We regard a system robust if it continues to work correctly despite of perturbations. The perturbation model is crucial here; we therefore refer to robustness of a system with respect to certain specific perturbations. Also, it is unlikely that a system is completely immune to perturbations. We therefore measure the level of (specific) perturbations tolerated by the system, i.e., we consider robustness as a quantitative feature. In this talk, we present an automata-based approach to robustness, where perturbations are modeled by weighted automata. The values returned by weighted automata correspond to the level of perturbations, which gives raise to quantitative approach to robustness. We consider two types of systems, closed and reactive systems, with two different frameworks capturing robustness: model measuring for closed systems and Lipschitz continuity for reactive systems. Both, closed and reactive systems are considered in two variants, discrete and continuous. While we briefly describe these frameworks, we focus primarily on the design choices leading to these frameworks.

Matthias Rungger

A Notion of Robustness for Cyber-Physical Systems

Robustness as a system property describes the degree to which a system is able to function correctly in the presence of disturbances, i.e., unforeseen or erroneous inputs. In this talk, we present a notion of robustness termed input-output dynamical stability for cyber-physical systems (CPS) which merges existing notions of robustness for continuous systems and discrete systems. The notion captures two intuitive aims of robustness: bounded disturbances have bounded effects and the consequences of a sporadic disturbance disappear over time. We present a design methodology for robust CPS which is based on an abstraction and refinement process. We suggest several novel notions of simulation relations to ensure the soundness of the approach. In addition, we show how such simulation relations can be constructed compositionally. The different concepts and results are illustrated throughout with some small examples.

Ulrich Schmid

Reconciling Fault-Tolerance and Robustness?
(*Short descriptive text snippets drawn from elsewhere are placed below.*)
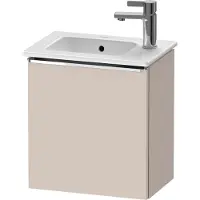 Duravit DE4259R10910000 D-Neo WTU WH R.ek 410x274x440 Tp. Mt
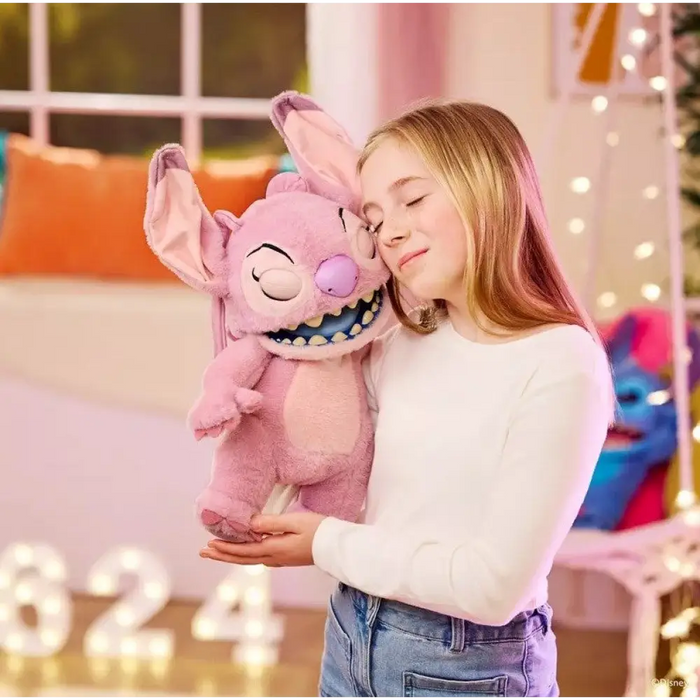 Интерактивен талисман Уау! Неща Disney Real FX Angel Puppet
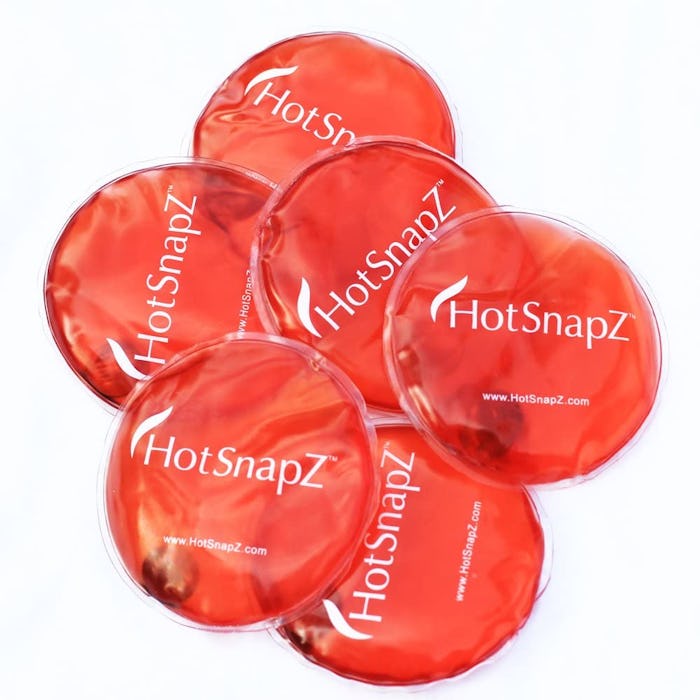 HotSnapZ Reusable Hand Warmers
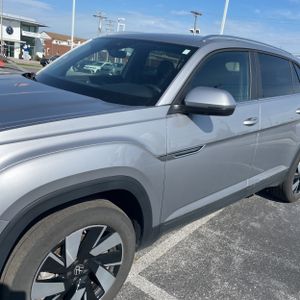 VOLKSWAGEN ATLAS CROSS SPORT SE - 2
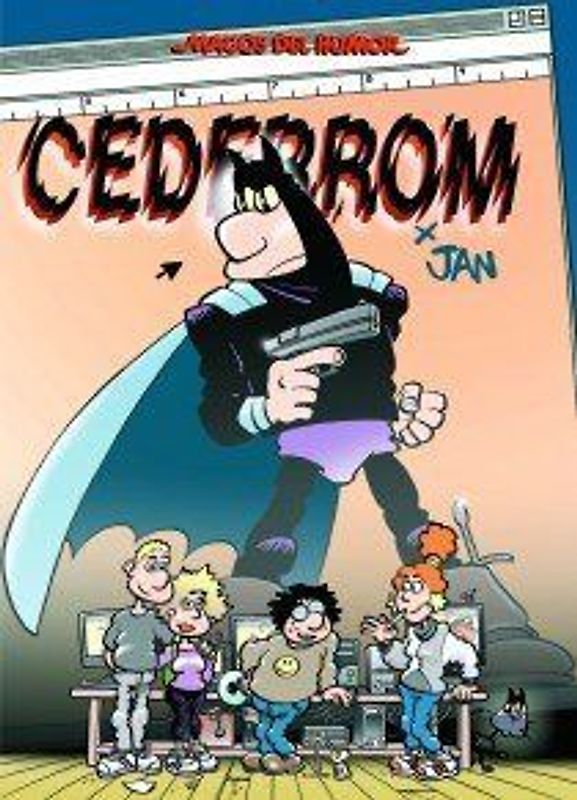 Cederrom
In this talk, I will provide an overview of classic fault-tolerance techniques, with a distinct focus on fault-tolerant distributed algorithms and self-stabilization. Emphasis will also be put on assumption coverage analysis and how it complements correctness proofs. I will relate classic fault-tolerance properties, which are essentially all-or-nothing, to robustness properties, which are viewed as continuity properties. Instances of gracefully degrading distributed algorithms will be used to demonstrate that fault-tolerance and robustness can be reconciled, albeit such solutions must still be considered an exception today.

Pavithra Prabhakar

Algorithmic Verification of Stability of Hybrid Systems

Hybrid systems refer to systems exhibiting mixed discrete-continuous behaviors and arise as a natural byproduct of the interaction of a network of embedded processors with physical systems. In this talk, we focus on the verification of stability of hybrid systems. Stability is a fundamental property in control system design and captures the notion that small perturbations to the initial state or input of the system result in only small variations in the behavior of the system. We present foundations and automated methods for approximation based analysis of stability including novel predicate abstraction and hybridization techniques. In contrast to the well-known methods for stability analysis based on Lyapunov functions, which are deductive, we present algorithmic techniques.